Robert Barnes: The Unconstitutional Impeachment of President Trump

Breitbart | Robert Barnes: Neither of the impeachment charges against President Donald Trump is indictable. As such, neither is impeachable. The Constitution compels the Senate tp acquit President Trump as a matter of law.

There are three critical reasons for the principle that impeachable offenses be indictable offenses

First, the plain text of the Constitution requires it; second, the protection of the people’s right to select the president cannot make the president serve at the pleasure of Congress; and third, the due process rights of the president prevent nebulous, vague undefined “offenses” being the basis of punitive impeachment.

Indeed, this argument is far from new: the only Supreme Court Justices ever to argue on the Senate floor on impeachment agreed; the only active Judges to ever argue on the Senate floor on impeachment agreed; and Founding Fathers who debated impeachment on the Senate floor back to 1805 agreed.

The Text of the Constitution Limits Impeachable Offenses to Indictable Offenses

The Constitution only authorizes impeachment for three reasons: treason, bribery, and “other High Crimes and Misdemeanors” akin to treason or bribery. As the current impeachment charges do not even allege treason, bribery or comparable “other high crimes,” this impeachment of President Trump offends the Constitution.

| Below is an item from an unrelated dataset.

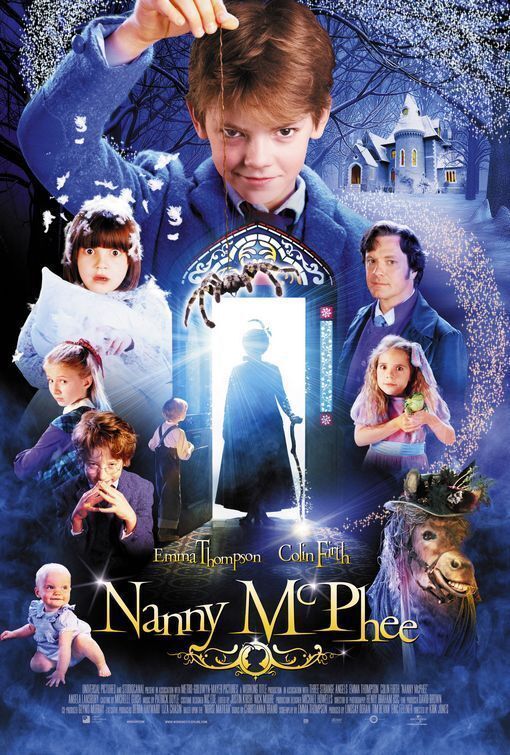 Lancy fait son cinéma | Nanny McPhee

This understanding of the Constitution is not new.

As Alan Dershowitz recently noted, past former Supreme Court Justices made the same argument on the Senate floor in past impeachments.

As you can read in the journals of past infamous impeachment trials, Founding Fathers, respected jurists, and legal scholars each argued near the very founding of our country: “[n}othing is impeachable that is not also indictable.” (Source: Hinds’ Precedents, Volume 3, Chapter 72, “The Impeachment and Trial of Samuel Chase,” published by the U.S. Government Publishing Office, found at this site: https://www.govinfo.gov/content/pkg/GPO-HPREC-HINDS-V3/html/GPO-HPREC-HINDS-V3-21.htm)

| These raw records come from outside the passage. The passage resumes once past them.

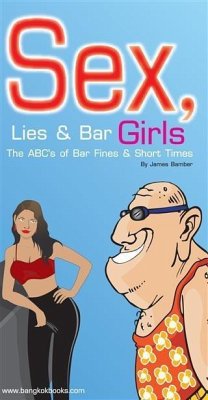 Cover Sex, Lies & Bar Girls (eBook, ePUB)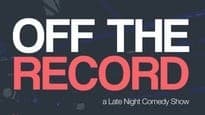 Off The Record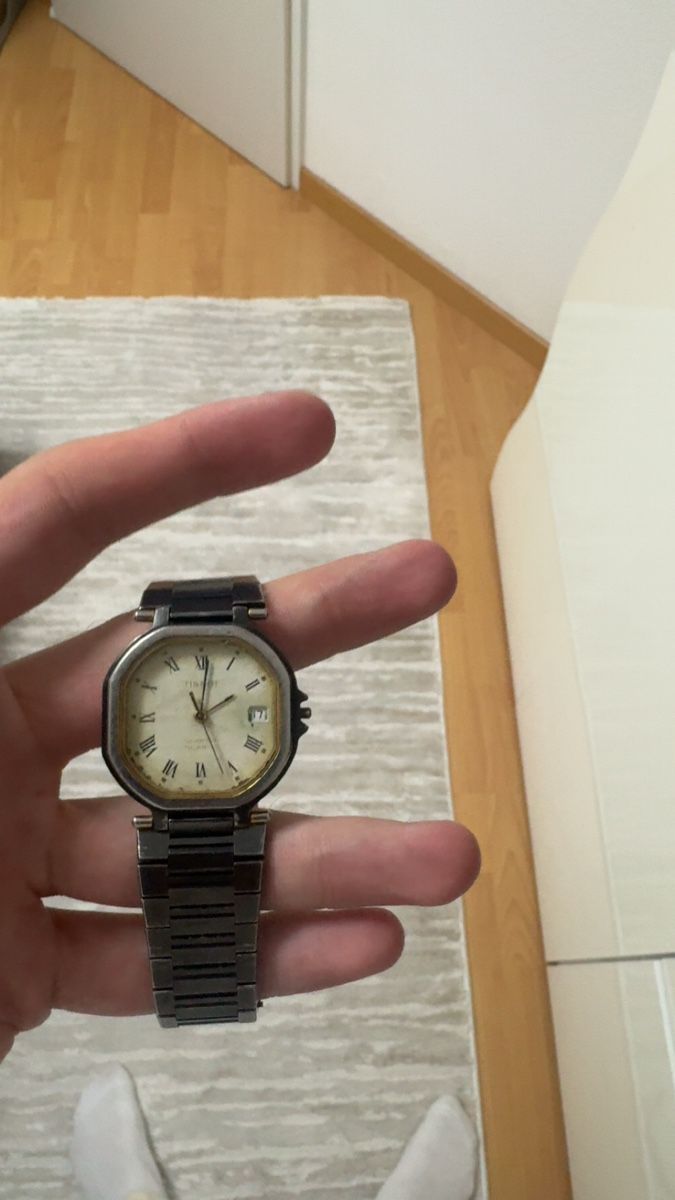 Tissot Montres: Tissot Uhr – Défectueux à Sennhof par ems_9mpd 3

Equally, as Dershowitz commented, former Justice Benjamin R. Curtis concurred in the impeachment trial of Andrew Johnson. (The opening argument of former Supreme Court Justice Curtis can be found here: https://famous-trials.com/johnson/482-curtisopening).

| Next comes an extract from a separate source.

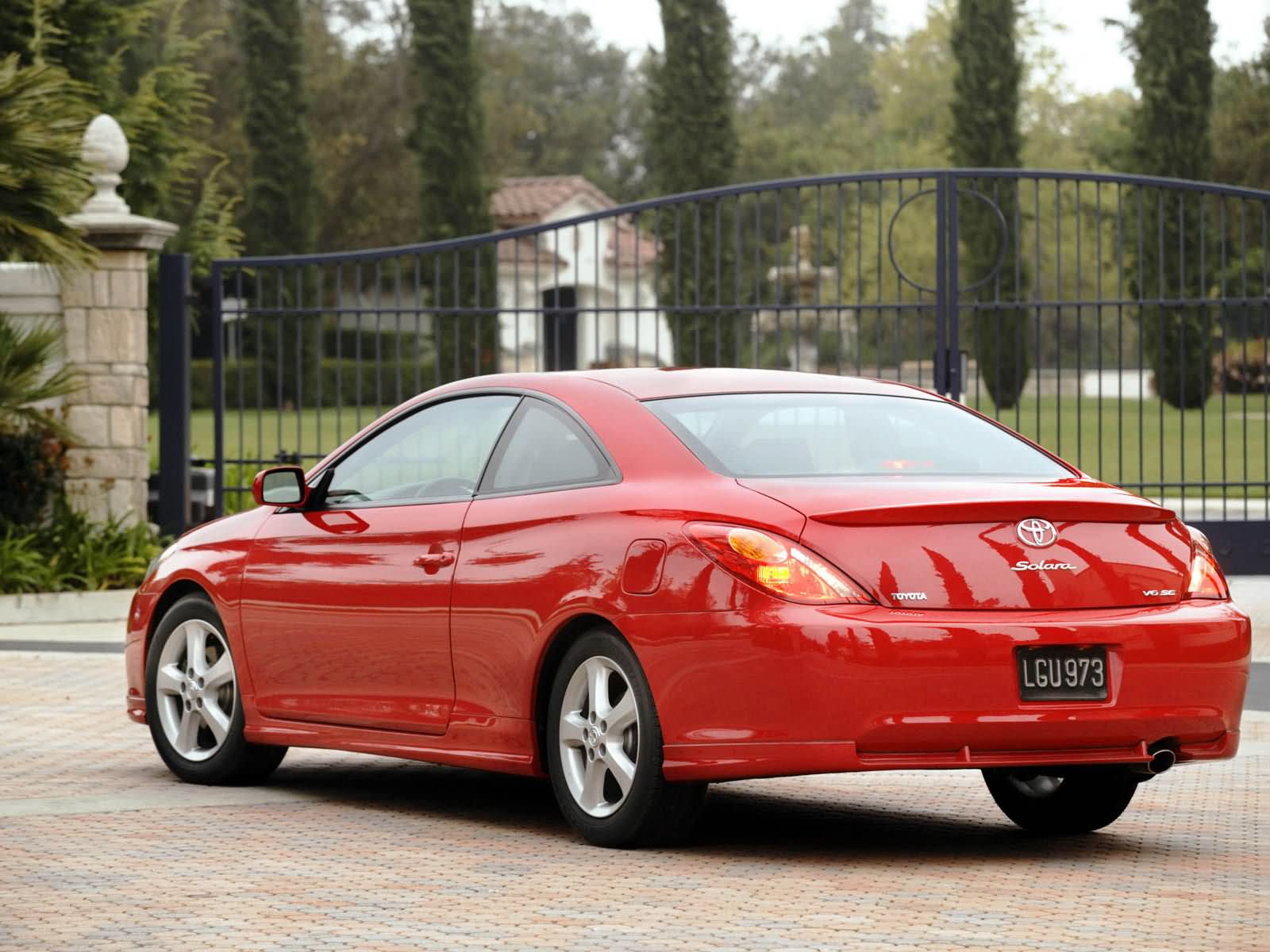 Toyota Solara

Harvard law professor Nikolas Bowie has recognized the significance of this precedent, in his response to Laurence Tribe in Harvard Law Review. (https://harvardlawreview.org/wp-content/uploads/2018/12/vol132_Bowie.pdf).

Indeed, every judge or justice to take the floor of the Senate and argue about impeachment — for president or judges — has agreed since 1805: impeachment requires a crime.

First, in 1805, Supreme Court Justice Samuel Chase argued that “impeachment might be invoked only for indictable offenses.” As the journal of the proceeding itself admits, “counsel for Mr. Justice Chase argued elaborately that the power of impeachment applied only to indictable offenses.”

The counsel for Justice Chase included Judge Joseph Hopkinson, himself the astute and learned son of the famous signer of the Declaration of Independence, Francis Hopkinson.

Another fellow member of the Constitutional Convention also joined the defense of Justice Chase: Luther Martin, rightly identified as one of the “Founding Fathers” himself.  Martin, Chase and Hopkinson all concurred that it would be shocking if any official could be “impeached and deprived of his office when he has done nothing which the laws of his country prohibited.”

Yet that is precisely what has occurred to President Trump.